Linux Kernel AMD KFD Partition Switch Process Race Condition Vulnerability

A race condition vulnerability has been identified in the Linux kernel's AMD KFD (Kernel Fusion Driver) component, specifically within the process management during partition switching. This issue arises because the current process switch only verifies if the KFD processes table is empty. However, the table entry is removed in the 'kfd_process_notifier_release' function, while the process teardown occurs in 'kfd_process_wq_release'. This discrepancy can lead to a race condition between two processes: one handling the workqueue release and another managing the partition switch, potentially causing a divide error, as indicated in the system log. The vulnerability affects several versions of the Linux kernel.

Impact

Exploitation of this vulnerability can lead to a race condition, causing a divide error, which may disrupt normal system operations or cause a denial of service.

Reproduction

The vulnerability can be reproduced by creating two processes that interact with the KFD process management system.
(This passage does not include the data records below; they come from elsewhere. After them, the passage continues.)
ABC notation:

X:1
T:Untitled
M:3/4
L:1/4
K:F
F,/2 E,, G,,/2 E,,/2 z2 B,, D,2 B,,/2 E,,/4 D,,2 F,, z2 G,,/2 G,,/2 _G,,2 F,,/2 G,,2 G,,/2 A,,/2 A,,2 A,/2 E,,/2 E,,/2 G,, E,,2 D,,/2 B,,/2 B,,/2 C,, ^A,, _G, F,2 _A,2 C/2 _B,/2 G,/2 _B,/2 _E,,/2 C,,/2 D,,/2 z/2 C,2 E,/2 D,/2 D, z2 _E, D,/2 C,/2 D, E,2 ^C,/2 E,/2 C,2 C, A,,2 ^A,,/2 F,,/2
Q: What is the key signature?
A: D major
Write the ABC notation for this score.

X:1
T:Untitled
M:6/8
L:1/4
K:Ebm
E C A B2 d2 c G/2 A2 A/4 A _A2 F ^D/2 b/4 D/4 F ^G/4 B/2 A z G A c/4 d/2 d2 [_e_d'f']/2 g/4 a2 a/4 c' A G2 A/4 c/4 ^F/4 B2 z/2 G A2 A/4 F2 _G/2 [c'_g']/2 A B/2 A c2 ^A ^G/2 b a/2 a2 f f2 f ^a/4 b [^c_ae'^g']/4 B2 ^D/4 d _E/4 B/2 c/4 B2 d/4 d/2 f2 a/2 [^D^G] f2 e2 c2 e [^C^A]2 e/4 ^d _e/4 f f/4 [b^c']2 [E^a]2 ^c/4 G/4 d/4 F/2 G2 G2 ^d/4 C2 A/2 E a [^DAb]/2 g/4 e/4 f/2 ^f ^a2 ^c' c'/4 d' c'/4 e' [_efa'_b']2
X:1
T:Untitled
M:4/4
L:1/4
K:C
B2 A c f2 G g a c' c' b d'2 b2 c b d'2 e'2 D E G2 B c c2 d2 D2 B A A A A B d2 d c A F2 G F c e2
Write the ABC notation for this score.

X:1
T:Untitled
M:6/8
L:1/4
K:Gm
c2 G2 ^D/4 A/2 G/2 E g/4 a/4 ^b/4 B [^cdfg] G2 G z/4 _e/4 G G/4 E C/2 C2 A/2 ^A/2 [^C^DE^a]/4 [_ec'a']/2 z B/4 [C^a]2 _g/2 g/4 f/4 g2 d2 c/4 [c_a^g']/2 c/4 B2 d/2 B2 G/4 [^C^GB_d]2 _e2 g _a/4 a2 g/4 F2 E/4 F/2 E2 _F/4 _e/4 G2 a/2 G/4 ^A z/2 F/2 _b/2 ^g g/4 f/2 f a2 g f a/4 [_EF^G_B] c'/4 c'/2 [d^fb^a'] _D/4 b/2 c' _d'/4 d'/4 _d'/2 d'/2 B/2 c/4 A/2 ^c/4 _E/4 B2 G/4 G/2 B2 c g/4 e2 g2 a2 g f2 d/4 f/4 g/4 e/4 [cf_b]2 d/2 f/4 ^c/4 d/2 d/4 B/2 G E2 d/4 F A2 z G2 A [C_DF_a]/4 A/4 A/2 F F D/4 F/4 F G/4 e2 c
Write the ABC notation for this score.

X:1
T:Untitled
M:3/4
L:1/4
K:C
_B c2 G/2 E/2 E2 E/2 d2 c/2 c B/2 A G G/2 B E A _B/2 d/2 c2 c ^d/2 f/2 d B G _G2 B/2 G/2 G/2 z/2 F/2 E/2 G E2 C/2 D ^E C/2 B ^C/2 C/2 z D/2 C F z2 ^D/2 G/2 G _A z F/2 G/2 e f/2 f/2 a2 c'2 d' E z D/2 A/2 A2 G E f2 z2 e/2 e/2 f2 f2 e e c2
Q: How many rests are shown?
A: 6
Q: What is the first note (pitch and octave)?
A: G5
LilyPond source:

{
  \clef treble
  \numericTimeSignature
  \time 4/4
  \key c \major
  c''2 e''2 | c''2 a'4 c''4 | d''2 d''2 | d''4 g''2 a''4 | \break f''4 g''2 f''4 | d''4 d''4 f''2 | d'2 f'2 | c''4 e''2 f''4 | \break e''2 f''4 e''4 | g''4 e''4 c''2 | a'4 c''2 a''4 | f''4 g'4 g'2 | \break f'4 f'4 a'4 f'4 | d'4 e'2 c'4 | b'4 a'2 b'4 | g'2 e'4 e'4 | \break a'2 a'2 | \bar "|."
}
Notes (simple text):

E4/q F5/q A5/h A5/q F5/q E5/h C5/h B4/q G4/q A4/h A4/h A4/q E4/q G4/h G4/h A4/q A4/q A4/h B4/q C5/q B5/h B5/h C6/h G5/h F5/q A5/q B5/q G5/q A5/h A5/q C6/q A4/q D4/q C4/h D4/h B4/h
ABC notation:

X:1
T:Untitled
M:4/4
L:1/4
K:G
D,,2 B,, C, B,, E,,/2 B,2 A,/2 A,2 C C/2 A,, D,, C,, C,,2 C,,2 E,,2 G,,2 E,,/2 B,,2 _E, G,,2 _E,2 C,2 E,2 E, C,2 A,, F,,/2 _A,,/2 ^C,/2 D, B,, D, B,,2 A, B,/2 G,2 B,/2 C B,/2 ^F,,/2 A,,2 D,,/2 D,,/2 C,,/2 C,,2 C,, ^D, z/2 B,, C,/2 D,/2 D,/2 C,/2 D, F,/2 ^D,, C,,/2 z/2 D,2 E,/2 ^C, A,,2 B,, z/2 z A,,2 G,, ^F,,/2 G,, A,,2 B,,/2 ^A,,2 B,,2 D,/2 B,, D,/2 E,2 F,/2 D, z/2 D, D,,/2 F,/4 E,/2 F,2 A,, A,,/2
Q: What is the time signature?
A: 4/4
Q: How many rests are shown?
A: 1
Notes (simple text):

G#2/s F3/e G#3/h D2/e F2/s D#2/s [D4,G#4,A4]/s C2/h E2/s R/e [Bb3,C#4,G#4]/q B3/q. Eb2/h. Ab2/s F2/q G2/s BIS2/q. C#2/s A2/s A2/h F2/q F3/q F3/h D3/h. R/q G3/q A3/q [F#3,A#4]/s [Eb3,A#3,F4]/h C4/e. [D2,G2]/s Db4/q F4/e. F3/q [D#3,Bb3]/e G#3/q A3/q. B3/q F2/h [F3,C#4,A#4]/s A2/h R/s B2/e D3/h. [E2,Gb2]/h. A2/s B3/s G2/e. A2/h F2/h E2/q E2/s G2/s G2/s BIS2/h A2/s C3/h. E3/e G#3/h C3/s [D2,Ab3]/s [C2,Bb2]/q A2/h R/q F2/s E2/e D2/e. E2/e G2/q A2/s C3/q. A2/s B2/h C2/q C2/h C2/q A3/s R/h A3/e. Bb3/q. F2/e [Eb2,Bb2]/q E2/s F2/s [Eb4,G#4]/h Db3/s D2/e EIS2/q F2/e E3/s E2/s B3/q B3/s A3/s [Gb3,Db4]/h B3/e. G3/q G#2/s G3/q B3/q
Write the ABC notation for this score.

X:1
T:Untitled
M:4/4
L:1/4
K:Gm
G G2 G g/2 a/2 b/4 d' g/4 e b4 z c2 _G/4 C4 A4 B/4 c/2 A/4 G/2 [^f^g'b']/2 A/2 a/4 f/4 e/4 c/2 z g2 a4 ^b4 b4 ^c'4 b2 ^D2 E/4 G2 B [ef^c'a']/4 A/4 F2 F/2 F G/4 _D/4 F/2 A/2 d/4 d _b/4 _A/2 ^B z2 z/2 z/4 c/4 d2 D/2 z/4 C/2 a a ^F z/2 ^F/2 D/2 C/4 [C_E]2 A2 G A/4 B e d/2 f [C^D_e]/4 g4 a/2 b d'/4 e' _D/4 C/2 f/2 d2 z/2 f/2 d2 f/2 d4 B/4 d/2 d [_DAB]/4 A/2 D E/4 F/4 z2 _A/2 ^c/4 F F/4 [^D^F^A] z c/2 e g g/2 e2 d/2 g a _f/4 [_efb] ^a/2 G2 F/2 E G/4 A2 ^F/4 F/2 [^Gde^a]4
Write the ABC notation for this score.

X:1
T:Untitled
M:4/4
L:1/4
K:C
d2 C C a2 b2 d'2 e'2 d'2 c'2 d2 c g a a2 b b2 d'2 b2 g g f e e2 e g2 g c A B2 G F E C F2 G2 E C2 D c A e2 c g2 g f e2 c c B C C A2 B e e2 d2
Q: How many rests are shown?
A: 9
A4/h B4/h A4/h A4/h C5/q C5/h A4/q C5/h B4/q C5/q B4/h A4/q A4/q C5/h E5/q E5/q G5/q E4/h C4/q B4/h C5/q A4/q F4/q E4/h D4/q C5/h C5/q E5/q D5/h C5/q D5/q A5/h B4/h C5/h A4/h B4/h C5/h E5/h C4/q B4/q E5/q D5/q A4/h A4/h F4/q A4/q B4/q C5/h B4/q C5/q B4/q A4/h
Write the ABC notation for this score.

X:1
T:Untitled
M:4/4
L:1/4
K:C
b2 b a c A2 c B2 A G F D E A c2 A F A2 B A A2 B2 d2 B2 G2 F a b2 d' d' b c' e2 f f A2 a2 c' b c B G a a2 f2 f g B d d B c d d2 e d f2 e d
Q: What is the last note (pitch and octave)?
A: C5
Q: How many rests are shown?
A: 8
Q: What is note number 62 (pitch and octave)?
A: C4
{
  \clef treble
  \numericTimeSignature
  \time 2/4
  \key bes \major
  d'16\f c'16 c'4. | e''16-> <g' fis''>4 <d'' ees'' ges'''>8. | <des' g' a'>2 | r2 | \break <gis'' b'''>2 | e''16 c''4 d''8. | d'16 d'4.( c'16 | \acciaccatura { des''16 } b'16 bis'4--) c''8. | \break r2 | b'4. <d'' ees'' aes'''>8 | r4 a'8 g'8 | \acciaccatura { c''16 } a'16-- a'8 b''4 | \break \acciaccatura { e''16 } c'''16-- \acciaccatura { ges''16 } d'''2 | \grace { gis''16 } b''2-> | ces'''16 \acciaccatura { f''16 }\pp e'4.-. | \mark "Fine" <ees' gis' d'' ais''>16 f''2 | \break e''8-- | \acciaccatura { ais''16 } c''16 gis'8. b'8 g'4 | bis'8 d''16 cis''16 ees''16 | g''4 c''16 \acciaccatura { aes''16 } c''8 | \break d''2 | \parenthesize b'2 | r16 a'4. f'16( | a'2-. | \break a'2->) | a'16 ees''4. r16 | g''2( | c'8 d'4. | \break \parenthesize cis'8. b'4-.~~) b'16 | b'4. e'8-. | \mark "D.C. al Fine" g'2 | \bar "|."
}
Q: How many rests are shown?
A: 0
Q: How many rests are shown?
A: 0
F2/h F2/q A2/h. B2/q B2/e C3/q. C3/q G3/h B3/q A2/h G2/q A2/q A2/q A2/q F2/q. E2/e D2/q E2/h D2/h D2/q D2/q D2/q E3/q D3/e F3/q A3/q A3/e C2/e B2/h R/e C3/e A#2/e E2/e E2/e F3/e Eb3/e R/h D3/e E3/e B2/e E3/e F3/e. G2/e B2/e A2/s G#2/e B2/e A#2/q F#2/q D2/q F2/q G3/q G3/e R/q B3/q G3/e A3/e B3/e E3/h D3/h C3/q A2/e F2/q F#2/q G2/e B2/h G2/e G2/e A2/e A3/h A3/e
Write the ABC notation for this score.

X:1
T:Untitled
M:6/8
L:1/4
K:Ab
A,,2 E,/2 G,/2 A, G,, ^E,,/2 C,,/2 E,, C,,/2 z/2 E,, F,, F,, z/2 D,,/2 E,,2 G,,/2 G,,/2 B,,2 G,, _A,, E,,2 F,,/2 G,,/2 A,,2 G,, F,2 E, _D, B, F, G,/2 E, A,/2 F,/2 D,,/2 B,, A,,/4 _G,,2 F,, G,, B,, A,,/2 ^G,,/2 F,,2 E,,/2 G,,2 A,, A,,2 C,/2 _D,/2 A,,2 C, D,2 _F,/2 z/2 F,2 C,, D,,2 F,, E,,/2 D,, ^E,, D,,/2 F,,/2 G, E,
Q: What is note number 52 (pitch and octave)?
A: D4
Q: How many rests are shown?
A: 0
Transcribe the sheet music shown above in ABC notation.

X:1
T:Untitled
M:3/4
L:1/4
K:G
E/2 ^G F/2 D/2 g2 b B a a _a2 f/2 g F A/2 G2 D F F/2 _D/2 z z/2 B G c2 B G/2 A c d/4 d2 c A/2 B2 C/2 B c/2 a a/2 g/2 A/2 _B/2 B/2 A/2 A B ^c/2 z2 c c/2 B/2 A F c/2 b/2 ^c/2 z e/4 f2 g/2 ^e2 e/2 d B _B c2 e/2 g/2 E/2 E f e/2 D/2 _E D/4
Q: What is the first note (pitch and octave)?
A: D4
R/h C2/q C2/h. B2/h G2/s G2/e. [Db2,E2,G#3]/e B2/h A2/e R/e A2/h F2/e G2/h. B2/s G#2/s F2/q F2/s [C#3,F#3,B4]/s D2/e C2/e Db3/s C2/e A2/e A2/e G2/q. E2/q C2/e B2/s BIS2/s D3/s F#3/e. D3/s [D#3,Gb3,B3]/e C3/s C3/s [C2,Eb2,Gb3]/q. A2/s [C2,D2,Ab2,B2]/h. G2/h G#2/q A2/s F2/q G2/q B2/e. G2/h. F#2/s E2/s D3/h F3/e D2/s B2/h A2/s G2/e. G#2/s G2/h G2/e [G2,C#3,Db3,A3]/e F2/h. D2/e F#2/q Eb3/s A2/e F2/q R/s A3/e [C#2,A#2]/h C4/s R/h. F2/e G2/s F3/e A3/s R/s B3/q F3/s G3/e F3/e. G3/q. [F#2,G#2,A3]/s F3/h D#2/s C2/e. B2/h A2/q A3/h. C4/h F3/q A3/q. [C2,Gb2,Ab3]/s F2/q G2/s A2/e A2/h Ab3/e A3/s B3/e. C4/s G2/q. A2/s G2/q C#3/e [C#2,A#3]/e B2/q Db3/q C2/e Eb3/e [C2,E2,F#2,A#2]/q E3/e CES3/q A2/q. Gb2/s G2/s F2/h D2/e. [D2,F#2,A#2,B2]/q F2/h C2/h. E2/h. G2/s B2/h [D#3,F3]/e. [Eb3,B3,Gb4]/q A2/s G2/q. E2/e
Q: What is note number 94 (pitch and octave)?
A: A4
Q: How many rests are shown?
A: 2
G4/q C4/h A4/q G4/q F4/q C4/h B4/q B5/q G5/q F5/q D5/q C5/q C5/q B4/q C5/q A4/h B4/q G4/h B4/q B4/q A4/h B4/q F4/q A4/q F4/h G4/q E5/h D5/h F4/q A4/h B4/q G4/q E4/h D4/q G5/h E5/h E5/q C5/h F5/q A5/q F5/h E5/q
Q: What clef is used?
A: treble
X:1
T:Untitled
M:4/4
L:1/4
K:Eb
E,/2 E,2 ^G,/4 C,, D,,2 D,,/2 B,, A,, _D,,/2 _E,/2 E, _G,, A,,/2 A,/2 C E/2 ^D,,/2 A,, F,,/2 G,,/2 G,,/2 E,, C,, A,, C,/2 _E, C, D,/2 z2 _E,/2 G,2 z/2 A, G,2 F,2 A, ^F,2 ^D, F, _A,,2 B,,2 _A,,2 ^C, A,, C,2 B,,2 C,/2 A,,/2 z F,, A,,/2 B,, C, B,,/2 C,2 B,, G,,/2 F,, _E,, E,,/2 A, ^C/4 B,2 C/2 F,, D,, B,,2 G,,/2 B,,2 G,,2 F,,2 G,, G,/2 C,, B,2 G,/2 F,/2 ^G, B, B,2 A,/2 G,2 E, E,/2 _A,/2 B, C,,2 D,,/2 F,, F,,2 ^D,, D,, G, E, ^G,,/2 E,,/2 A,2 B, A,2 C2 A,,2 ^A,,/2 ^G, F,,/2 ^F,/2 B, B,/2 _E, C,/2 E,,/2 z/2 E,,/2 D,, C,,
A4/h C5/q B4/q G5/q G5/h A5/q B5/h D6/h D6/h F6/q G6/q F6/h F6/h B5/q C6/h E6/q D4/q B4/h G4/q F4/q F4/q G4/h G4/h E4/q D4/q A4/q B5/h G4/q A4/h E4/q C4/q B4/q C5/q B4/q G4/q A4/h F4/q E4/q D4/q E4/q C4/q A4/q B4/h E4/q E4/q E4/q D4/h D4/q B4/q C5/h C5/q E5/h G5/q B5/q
Process A should be initiated in the KFD workqueue and then released, which will access a KFD node member. Simultaneously, Process B should be started in a different switch partition, triggering the KFD node teardown process. This sequence can create a race condition, as Process A and B may interfere with each other's operations, leading to the described divide error.

Remediation

Users can apply the latest patches available in the Linux kernel stable tree to address this vulnerability.